The perception of 'new' is maybe an individual one as...
Recalling the rise of 16bit era, defined mainly by Motorola 68k cpu computers
When ignoring the TI 99/4 (and PC (*1)) that is.
The Mac, brought the GUI interface.
Not really. It was already on sale since 1981 by Xerox (and others) (*2) as well as offered in form of the Apple Lisa, which wasn't so much more expensive as the mac. Consider that, at the time when the Mac came with a single drive and 128 KiB at 2500 USD, the Lisa 2/5 was sold with four times the memory (wich was pricey at the time), larger screen and 5 MiB hard disk for 5000 USD - dropping even further with the MacXL.
The A bomb,
the Amiga, with its custom chips-coprocessors,
Which is essentially just a souped (*3) up Atari 800 chipset (*4), so nothing basically new here (*5).
See Atari 800.
See Apple II sound cards, like the Mockingboard A of 1983 (*6).
pre-emptive multitasking OS
Many computers had that already decades before, not to mention MP/M for standard S100 boxes. Oh, and for the home computer segment for sure the Sinclair QL, did beat the Amiga not only by time but in quality as well (*7).
Having that out of the way, the Amiga OS did in fact set a true first by being the first Multimedia OS outside research (*8). Amiga OS did not only allow to play multimedia, but moved it from a special (application) mode into a generic feature with seamless integration, and right into mainstream. A feature others, like Windows, BeOS or MacOS, only gained more than a decade later.
That's a first that'll stand the test of time.
and probably other stuff which I forget.
I'd have a hard time to come up with any other.

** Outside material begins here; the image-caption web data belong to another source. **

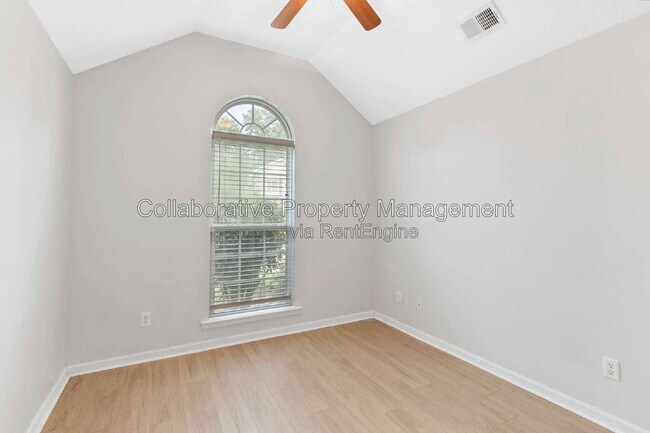 Foto del edificio - 80 Peregrine Cir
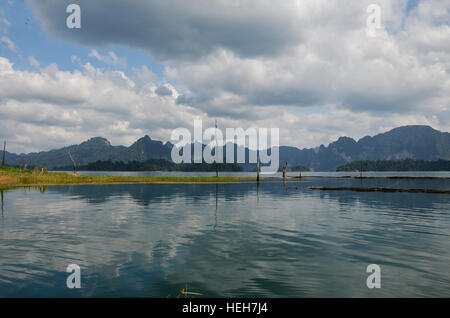 Sonnenaufgang mit Kalkstein Felsen Berg Morgen rechtzeitig in Khao Sok Nation Park in Cheow Lan Lake bei Ratchaprapa oder Rajjaprabha Dam Reservoir in Surat T Stockfoto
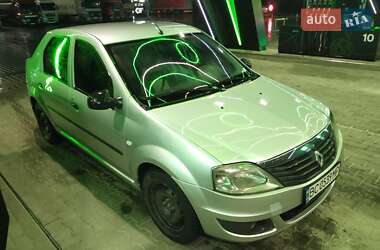 Седан Renault Logan 2010 в 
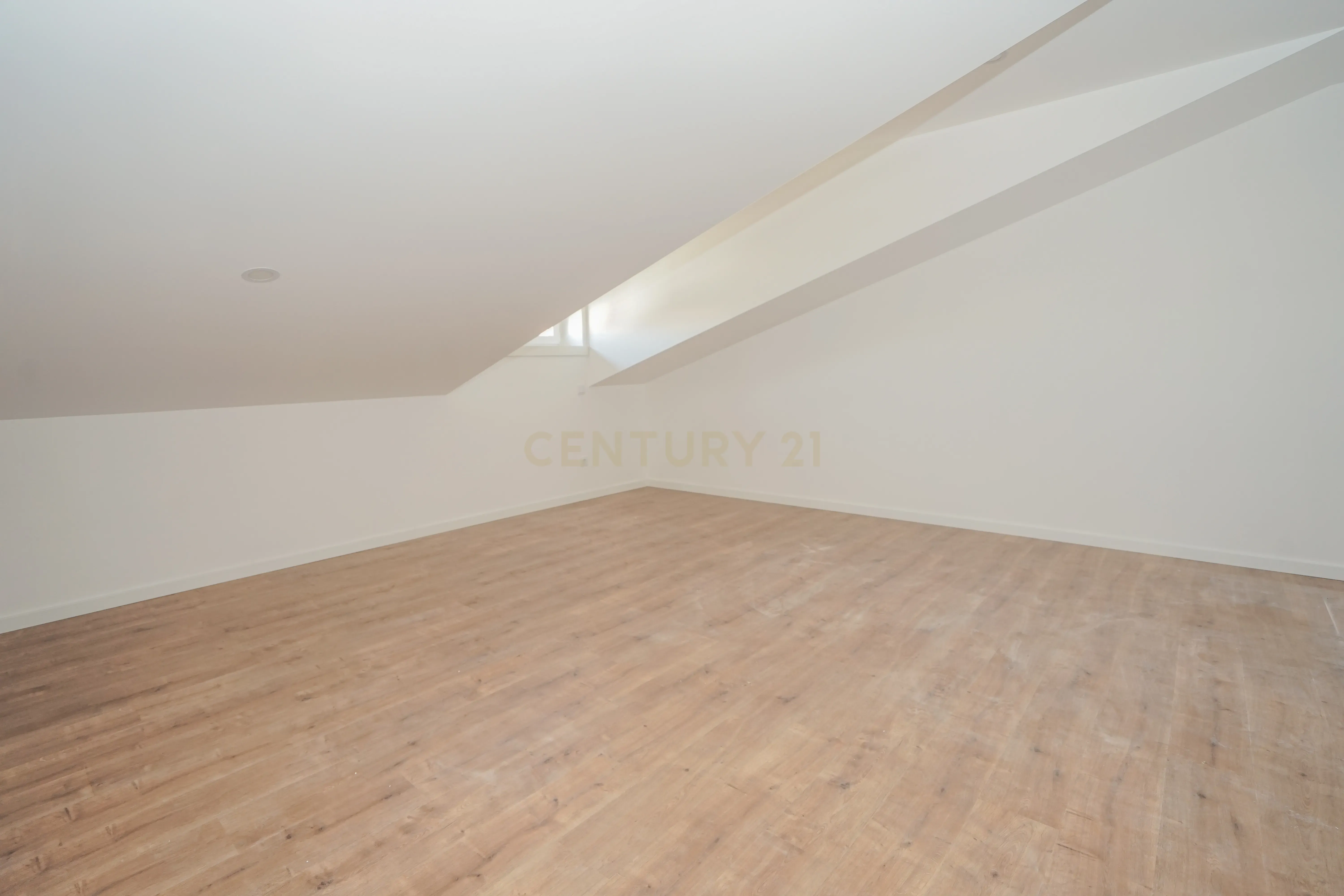 Apartamento T1+2 Duplex - Nova construção na Lousã - Image 15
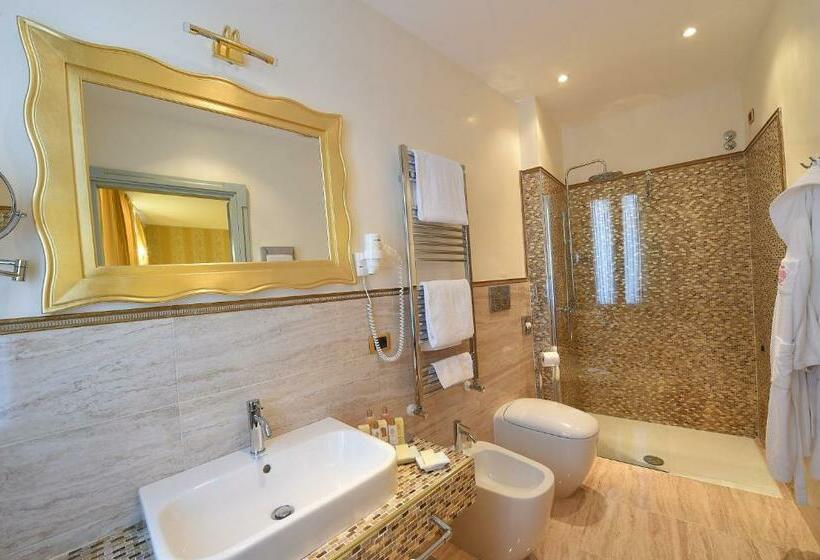 اتاق راحتی, Savoia & Jolanda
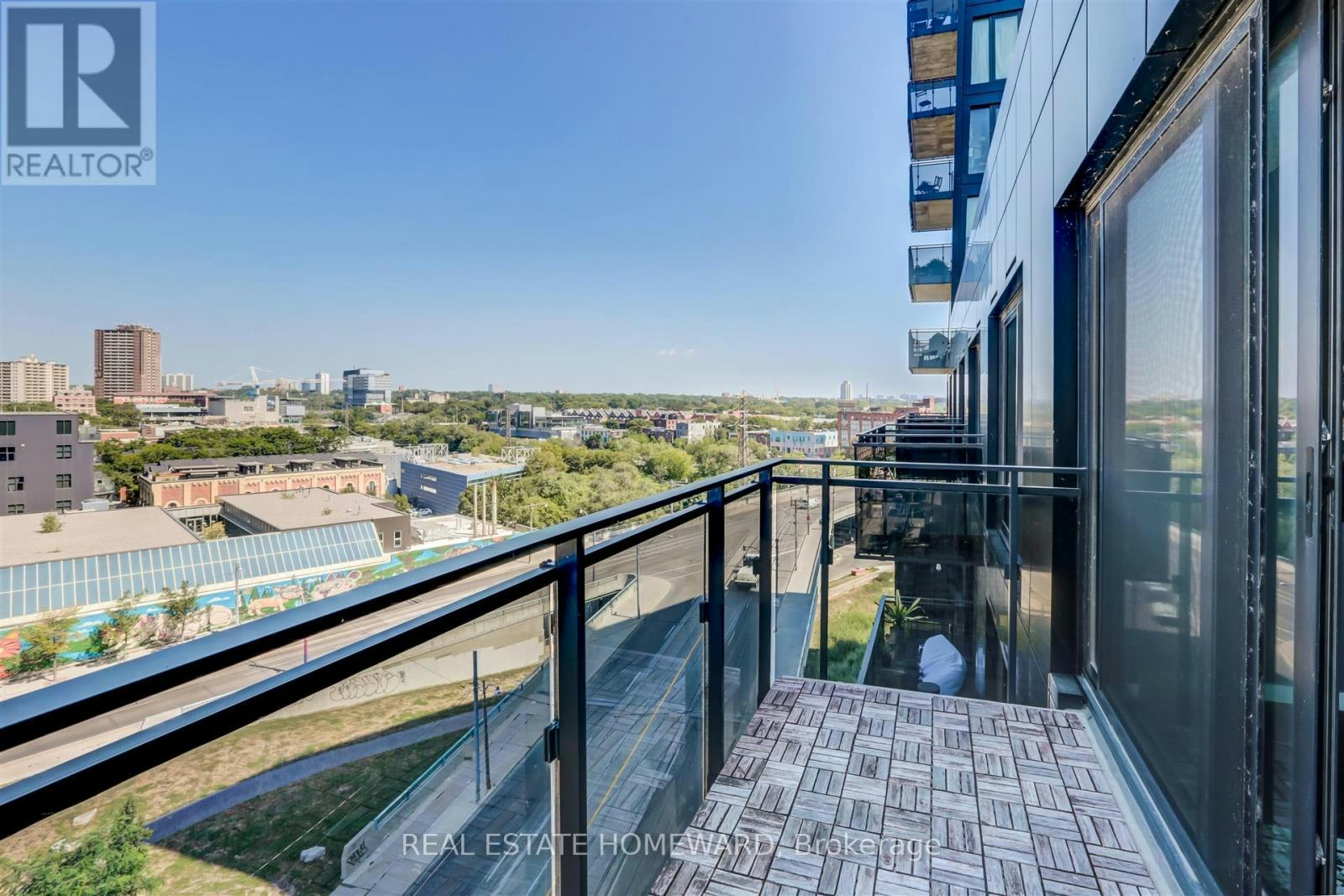 817-51 Trolley Crescent, Toronto, ON, M5A 0E9 - 21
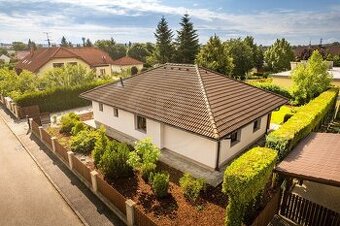 PRODEJ RODINNÉHO DOMU 4+1 SE ZAHRADOU A GARÁŽÍ, LITVÍNOVICE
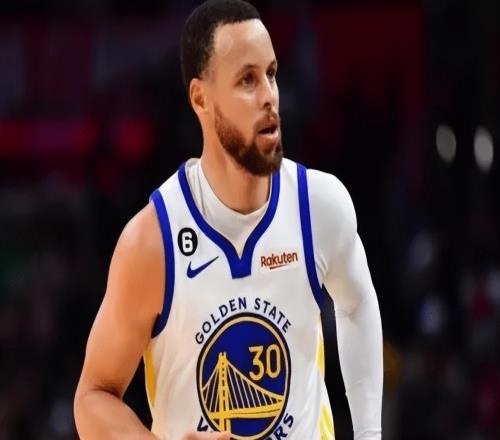 勇士大勝黃蜂！6配角齊爆，庫里被嚴(yán)防死守，格林轟20分仍副作用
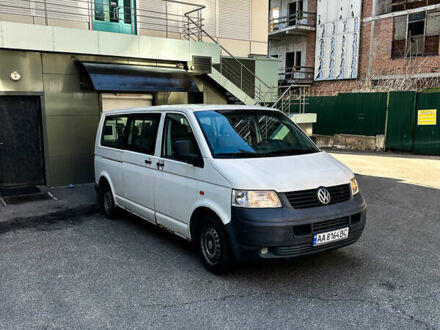 Фольксваген Transporter 2006 в Киеве на Automoto.ua Белый Фольксваген Transporter, объемом двигателя 1.98 л и пробегом 100 тыс. км за 5450 $, фото 1 на Automoto.ua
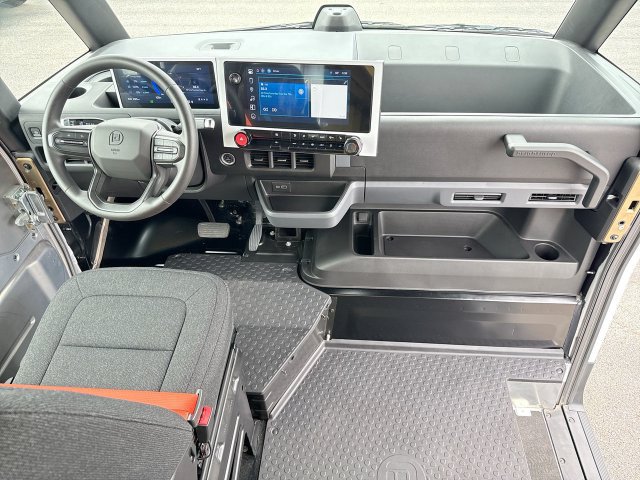 Used 2024 Chevrolet Brightdrop 600 w/ Battery Pack, Max Range AWD/4WD image 44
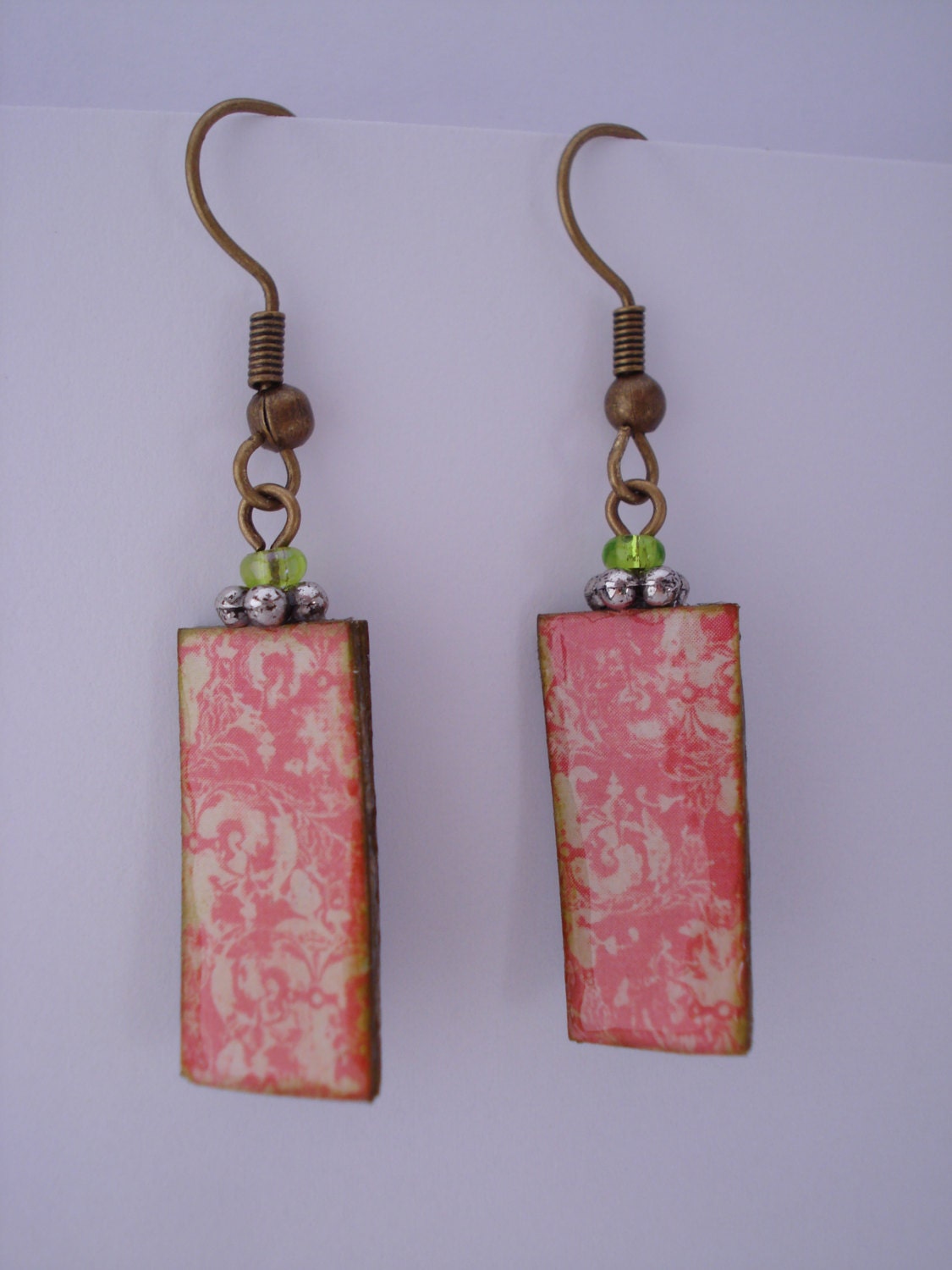 fUnKy peOny piNk eArRiNgs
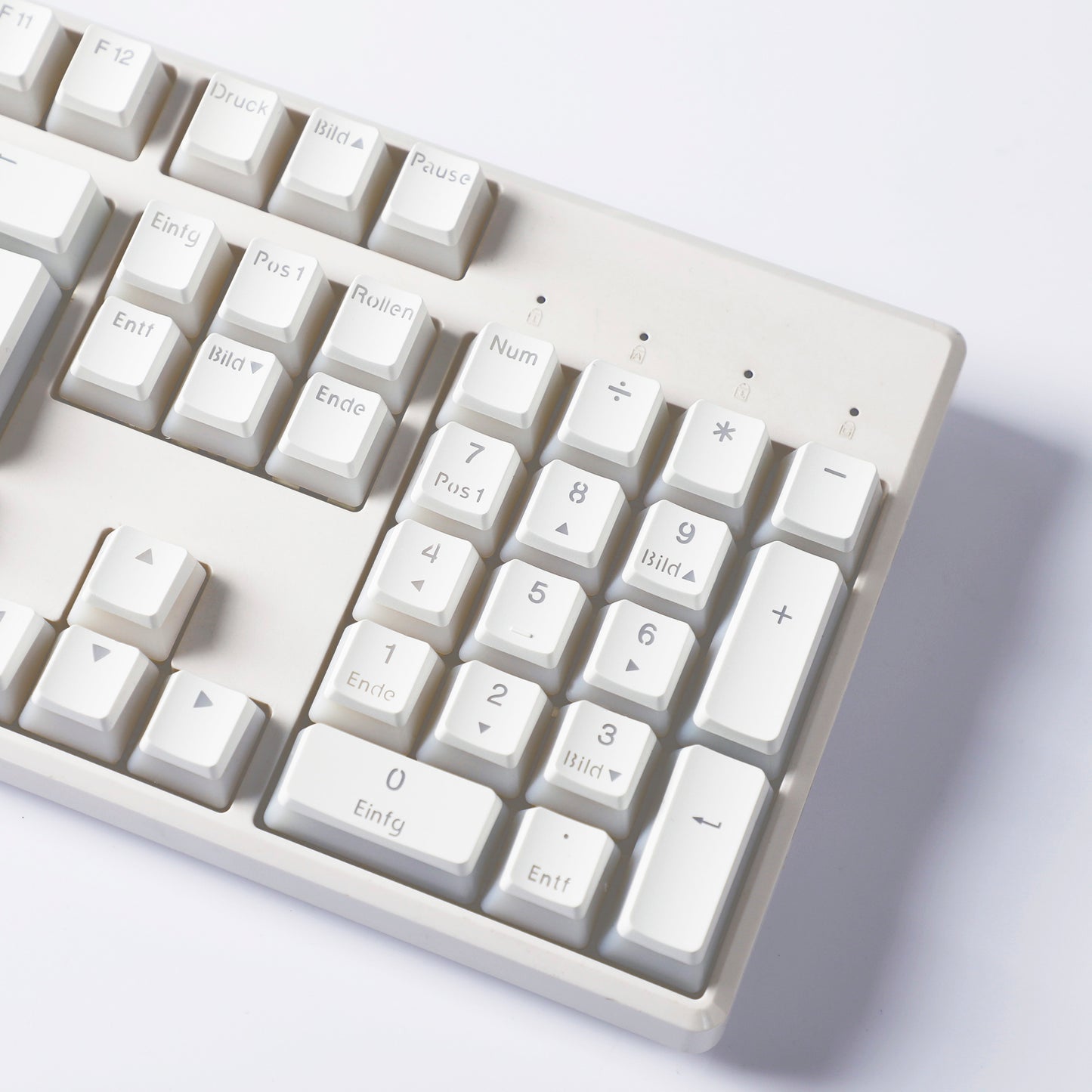 YMDK White Pudding Full Set German ISO QWERTZ Double Shot PBT Shine Through OEM Profile Keycap set For MX Switches Mechanical Keyboard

And also Atari ST. Well, it had midi ports embedded, making it successful among musicians. I also remember its crisp 70Hz 640x400 monochrome monitor, very easy for the eyes, paired with a nice, legible 8x16 font. But did it bring any novelty, like the aformentioned two (Amiga, Mac)?
Now, if you consider any of the above parts (GUI, Graphics) as new, then the Atari's screen mode was for sure revolutionary. While such screens were known with professional system, it was a first on the "affordable" price segment.
I'd say, the 'new' in the all examples mentioned is the affordable part. Scaling existing features to enable a mass market.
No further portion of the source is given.